The {beta}-strand-loop-{beta}-strand conformation is marginally populated in {beta}2-microglobulin (20-41) peptide in solution as revealed by replica exchange molecular dynamics simulations

Chungwen Liang 1, Philippe Derreumaux 2, Normand Mousseau 3 and Guanghong Wei 1*

1 Fudan University
2 Universite Paris 7
3 University of Montreal

* To whom correspondence should be addressed. E-mail: ghwei{at}fudan.edu.cn.

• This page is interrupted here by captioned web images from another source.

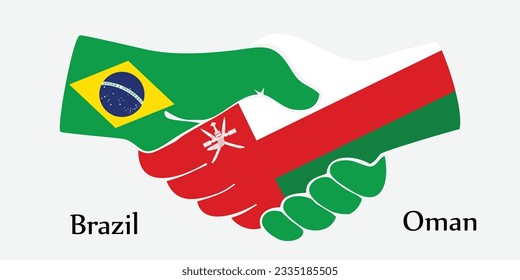 Concept Brazil and Oman the borth country a good contact, business, travel, transport and technology. Design shake hands. 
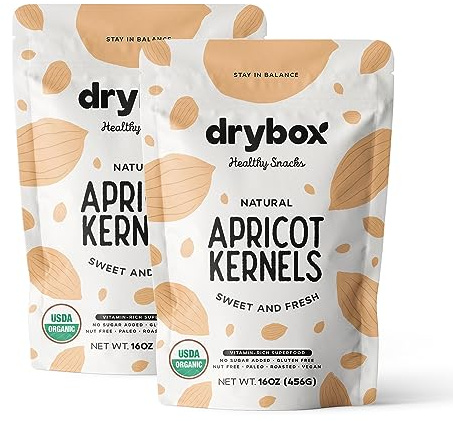 Drybox Sweet Apricot Kernels Seeds Raw Natural Organic NonGMO Vegan Source of Vitamin B17 and B15, Resealable Bag TWO 16 oz/ 1 lb bags, 2 Pack total 2 lbs for snacking baking cooking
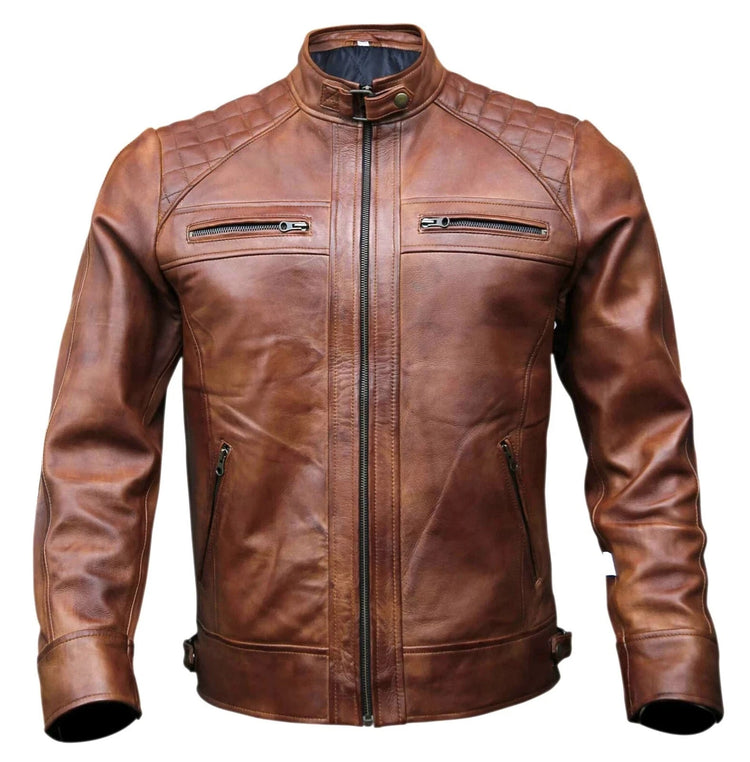 Men's Brown Distressed Diamond Quilted Biker Jacket
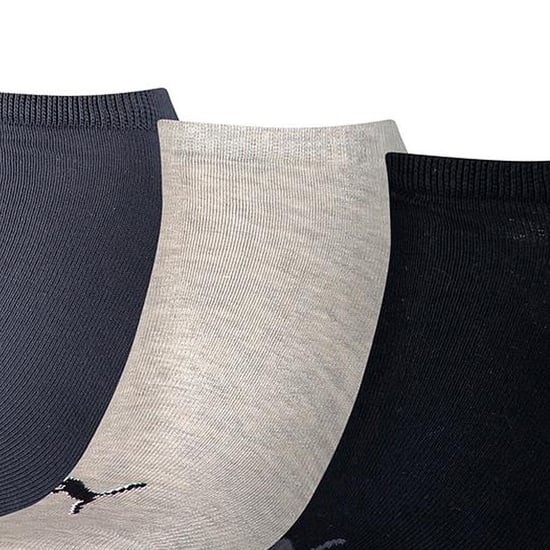 Puma Unisex Sneakersocken für Erwachsene, 3er-Pack (Marineblau/Hellgrau/Schwarz) - Image 3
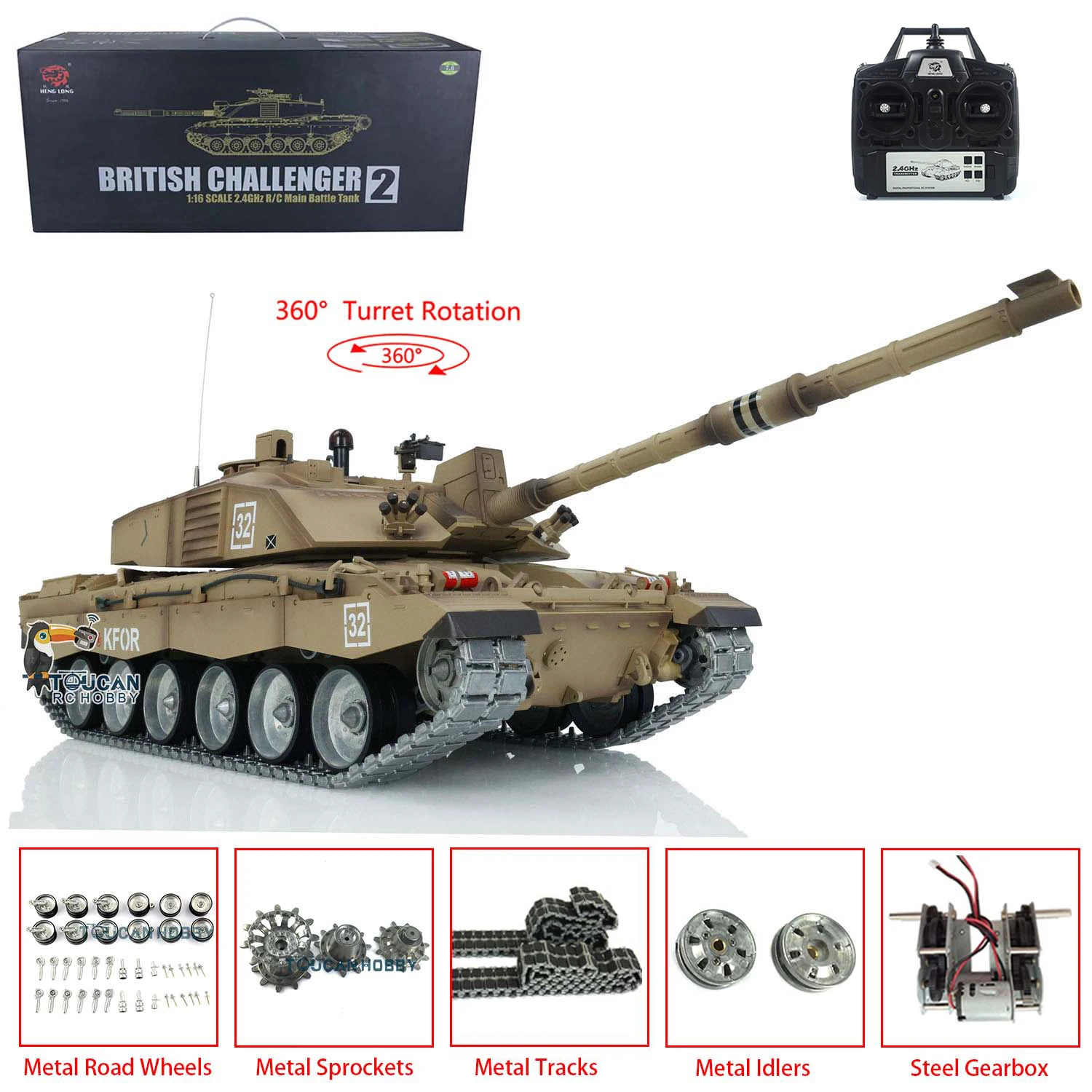 Heng Long 1/16 RC Tank 7.0 Customized Challenger II 3908 Metal Tracks W/ Rubbers Steel Gearbox Idler BB Shooting Radio TH17742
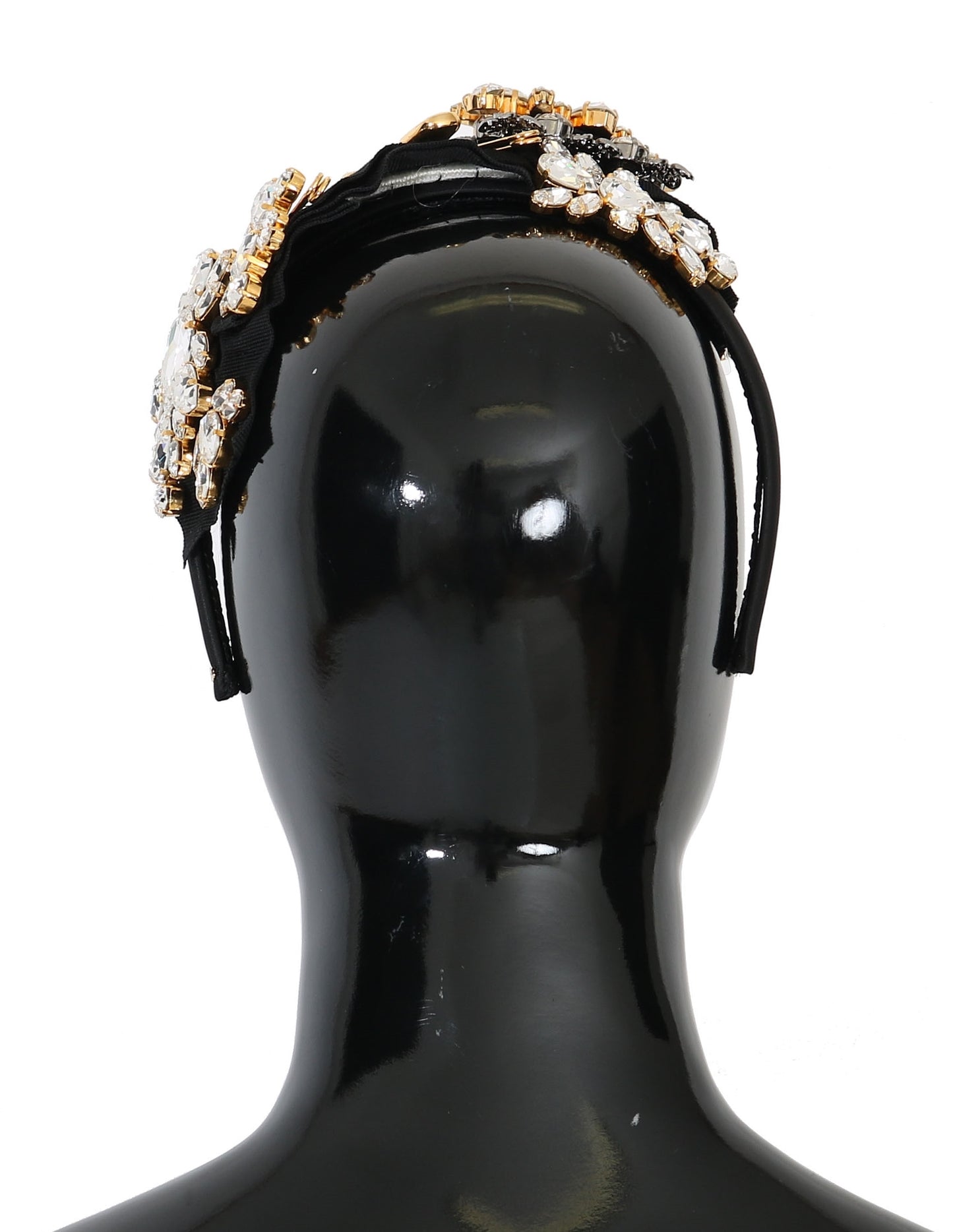 Diadema elegante de cristal negro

Submitted on November 2, 2007
Revised on December 12, 2007
Accepted on 22 January 2008


   Abstract
Solid-state NMR study shows that the 22-residue K3 peptide (Ser20-Lys41) from {beta}2-microglobulin ({beta}2m) adopts a {beta}-strand-loop-{beta}-strand conformation in its fibril state. Residue Pro32 has a trans conformation in the fibril state of the peptide, while it adopts a cis conformation in the native state of full-length {beta}2m. To get insights into the structural properties of the K3 peptide, and determine whether the {beta}-strand-loop-{beta}-strand conformation is encoded at the monomeric level, we run all-atom explicit solvent replica exchange molecular dynamics on both the cis and trans variants. Our simulations show that the conformational space of the trans- and cis-K3 peptides is very different, with 1% of the sampled conformations in common at room temperature. In addition, both variants display only 0.3-0.5% of the conformations with {beta}-strand-loop-{beta}-strand character. This finding, compared to results on the Alzheimer's A{beta} peptide, suggests that the biases toward aggregation leading to the {beta}-strand-loop-{beta}-strand conformation in fibrils are peptide-dependent.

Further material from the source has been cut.